Amid the stench of burnt charcoal, my ride home was one prolonged, persuasive argument against American independence. People sweating, the floor sticky with beer. No one moved for the lady in the wheelchair coming in, even as the elevator slowly lifted her into the cabin. I leafed through a newspaper, and realized I had read the same sentence twice. I guess it’s bad when one doesn’t even have the energy anymore to find out what new depravity the NSA has been caught at.
Is this really it? It’s not that you or I lose so often that’s galling – it’s that the winners are so demented and dumb. And the Fourth is the holiday for demented and dumb. It’s where every political hack whose coarse racketeering has cost thousands of American soldiers their lives gets to wrap themselves in the flag. It’s the day every crass bigot and rotgut-swilling imbecile gets to don an American flag shirt “ironically” and feel like an aristocrat. It’s when this spiraling lie gets spun a little longer, even as the thread frays.
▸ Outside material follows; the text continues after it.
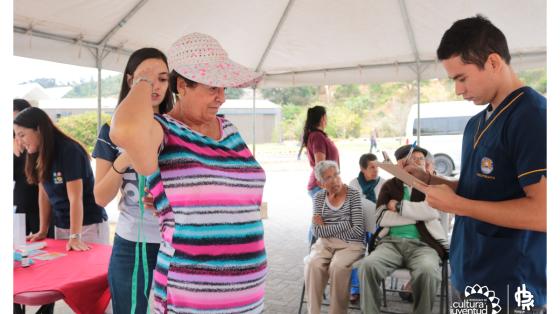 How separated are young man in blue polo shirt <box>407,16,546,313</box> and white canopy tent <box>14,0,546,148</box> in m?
3.34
As I laid in bed that night, a stranger very near by detonated bottle rocket after bottle rocket, the blast echoing through the alleyway like it was a firing range. These weren't meant to throw off any sparks or light up the night. Or make any little kids “ooh” and “ahh.” Just a coarse syncopation I couldn’t throw off. Just deafening explosions once a minute, fireworks by some dullard with a pit bull.
It was the most American I'd felt all day, falling asleep to that asshole exploding his rote, whistle-stop firecrackers.